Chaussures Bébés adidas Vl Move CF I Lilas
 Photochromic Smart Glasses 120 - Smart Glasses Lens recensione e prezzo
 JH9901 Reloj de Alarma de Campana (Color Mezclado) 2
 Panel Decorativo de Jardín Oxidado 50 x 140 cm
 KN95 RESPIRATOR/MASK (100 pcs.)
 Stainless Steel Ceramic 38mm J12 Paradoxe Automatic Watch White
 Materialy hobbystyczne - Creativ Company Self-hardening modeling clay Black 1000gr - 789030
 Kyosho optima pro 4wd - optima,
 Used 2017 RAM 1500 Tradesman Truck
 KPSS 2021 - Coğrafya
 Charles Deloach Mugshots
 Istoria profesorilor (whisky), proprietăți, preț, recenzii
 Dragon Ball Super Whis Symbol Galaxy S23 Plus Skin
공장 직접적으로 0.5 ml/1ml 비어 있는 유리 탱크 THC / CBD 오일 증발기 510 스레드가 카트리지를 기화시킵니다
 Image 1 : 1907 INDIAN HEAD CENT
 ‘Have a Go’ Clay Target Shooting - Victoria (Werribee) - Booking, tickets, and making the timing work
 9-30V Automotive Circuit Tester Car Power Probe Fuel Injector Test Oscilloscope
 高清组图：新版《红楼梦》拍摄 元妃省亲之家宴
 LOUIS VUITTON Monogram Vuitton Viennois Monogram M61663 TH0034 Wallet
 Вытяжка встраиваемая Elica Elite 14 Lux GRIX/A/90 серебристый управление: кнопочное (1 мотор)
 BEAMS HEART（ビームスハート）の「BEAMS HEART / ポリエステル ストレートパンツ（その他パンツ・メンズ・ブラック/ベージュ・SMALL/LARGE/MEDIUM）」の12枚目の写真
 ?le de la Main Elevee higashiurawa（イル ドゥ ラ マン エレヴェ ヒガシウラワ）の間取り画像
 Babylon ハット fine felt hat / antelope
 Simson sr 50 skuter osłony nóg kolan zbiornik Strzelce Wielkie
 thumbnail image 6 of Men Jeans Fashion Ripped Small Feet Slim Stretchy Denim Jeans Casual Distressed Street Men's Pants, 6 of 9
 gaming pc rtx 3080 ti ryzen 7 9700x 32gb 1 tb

━━━━━━━━━━━━━━━━

TASK ITEM:
Print the material in full, exactly as written.

RESPONSE:
Chaussures Bébés adidas Vl Move CF I Lilas
 Photochromic Smart Glasses 120 - Smart Glasses Lens recensione e prezzo
 JH9901 Reloj de Alarma de Campana (Color Mezclado) 2
 Panel Decorativo de Jardín Oxidado 50 x 140 cm
 KN95 RESPIRATOR/MASK (100 pcs.)
 Stainless Steel Ceramic 38mm J12 Paradoxe Automatic Watch White
 Materialy hobbystyczne - Creativ Company Self-hardening modeling clay Black 1000gr - 789030
 Kyosho optima pro 4wd - optima,
 Used 2017 RAM 1500 Tradesman Truck
 KPSS 2021 - Coğrafya
 Charles Deloach Mugshots
 Istoria profesorilor (whisky), proprietăți, preț, recenzii
 Dragon Ball Super Whis Symbol Galaxy S23 Plus Skin
공장 직접적으로 0.5 ml/1ml 비어 있는 유리 탱크 THC / CBD 오일 증발기 510 스레드가 카트리지를 기화시킵니다
 Image 1 : 1907 INDIAN HEAD CENT
 ‘Have a Go’ Clay Target Shooting - Victoria (Werribee) - Booking, tickets, and making the timing work
 9-30V Automotive Circuit Tester Car Power Probe Fuel Injector Test Oscilloscope
 高清组图：新版《红楼梦》拍摄 元妃省亲之家宴
 LOUIS VUITTON Monogram Vuitton Viennois Monogram M61663 TH0034 Wallet
 Вытяжка встраиваемая Elica Elite 14 Lux GRIX/A/90 серебристый управление: кнопочное (1 мотор)
 BEAMS HEART（ビームスハート）の「BEAMS HEART / ポリエステル ストレートパンツ（その他パンツ・メンズ・ブラック/ベージュ・SMALL/LARGE/MEDIUM）」の12枚目の写真
 ?le de la Main Elevee higashiurawa（イル ドゥ ラ マン エレヴェ ヒガシウラワ）の間取り画像
 Babylon ハット fine felt hat / antelope
 Simson sr 50 skuter osłony nóg kolan zbiornik Strzelce Wielkie
 thumbnail image 6 of Men Jeans Fashion Ripped Small Feet Slim Stretchy Denim Jeans Casual Distressed Street Men's Pants, 6 of 9
 gaming pc rtx 3080 ti ryzen 7 9700x 32gb 1 tb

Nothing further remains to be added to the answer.